Após esse tempo de gestação, o NDM do TJ/SP se consolidou.

Considero uma das grandes vantagens da especialização, no formato de Núcleo de Justiça 4.0, a possibilidade da indicação de mais de um juiz para atuar como seu integrante. No NDM do TJ/SP, somos em três magistrados, selecionados por edital interno, dentre os juízes da comarca de Santos, estabelecido como critério de escolha a antiguidade na carreira.

O NDM do TJ/SP não é um órgão colegiado.

Cada juiz que o integra possui absoluta independência funcional para conduzir o seu processo, tomando as decisões que o processo lhe exigir, segundo a sua exclusiva convicção. Não há qualquer interferência externa, seja do TJ/SP, seja do seu coordenador, este com mera função administrativa de organização das suas atividades.

Sobre esse ponto, é interessante observar que do julgador se exige ser imparcial e independente, mas não se pode esperar neutralidade.

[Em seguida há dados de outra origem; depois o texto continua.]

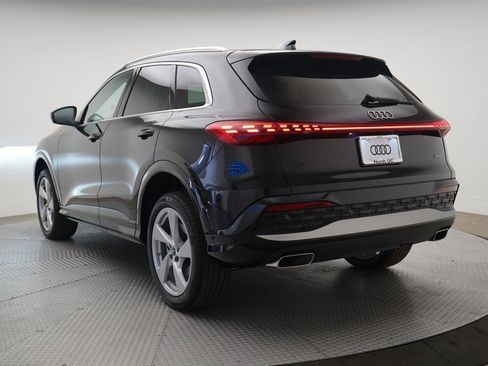 New 2025 Audi Q5 Premium Plus AWD/4WD image 3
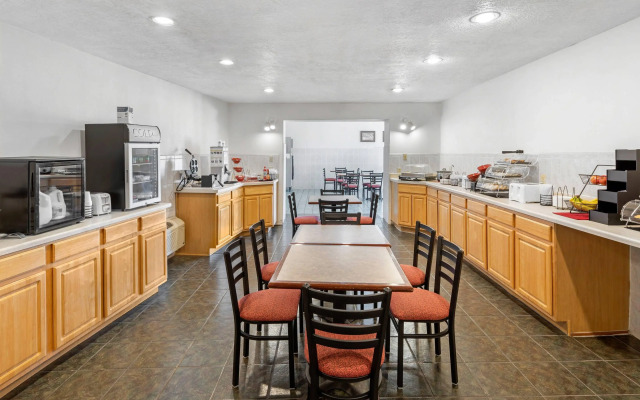 Econo Lodge Inn & Suites Socorro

O julgador, no estado atual da técnica, ainda é um ser humano e como tal carrega suas próprias convicções, construídas ao longo da sua experiência de vida, o que, inevitavelmente, se reproduz no julgamento do processo.

É por essa razão que, processos envolvendo a mesma matéria, possam receber julgamentos diferentes, sendo esse fato inerente ao sistema jurídico e essencial para o Estado Democrático de Direito, na perspectiva de que diferentes visões de mundo possam ascender ao processo, cabendo, se o caso, aos órgãos de unificação proceder com a estabilização do tema.

O NDM do TJ/SP, espera-se, possa contribuir para a agilidade na tramitação e julgamento dos processos, mas a agilidade não é o seu objetivo.

Acima da agilidade está a segurança jurídica que nasce de um bom julgamento. Esperar que o julgador seja ágil e ao mesmo tempo construa uma decisão fundamentada, a partir da análise detalhada dos elementos do processo, é uma verdadeira utopia.

O juiz cumpridor de metas não se ajusta com o conceito de segurança jurídica. É preciso buscar o equilíbrio.

Virtus in medium est!1

É preciso, pois, compreender que há causas que permitem um julgamento mais célere, seja pela reiteração de casos, seja pela pouca complexidade técnico/jurídica da matéria.

Porém, haverá casos que se exigirá do julgador maior tempo de aprendizado e reflexão sobre o objeto do processo, exigindo-lhe que volte o olhar para os argumentos das partes, para a doutrina especializada e para a jurisprudência dos Tribunais.

Aliás, é um desejo que o próprio NDM do TJ/SP seja um condutor da jurisprudência nacional a respeito da matéria, produzindo decisões capazes de orientar a aplicação do Direito em todo o território nacional.

O NDM do TJ/SP, por exemplo, em caso sob minha condução, julgou demanda que envolvia a chamada “Guarda Provisória”, questão de alta relevância para o setor portuário, oportunidade em que realizamos audiência para oitiva de especialistas, iniciativa até então incomum em processos de primeiro grau, que resultou em relevantes contribuições para a melhor compreensão do tema e, por consequência, em um julgamento mais técnico.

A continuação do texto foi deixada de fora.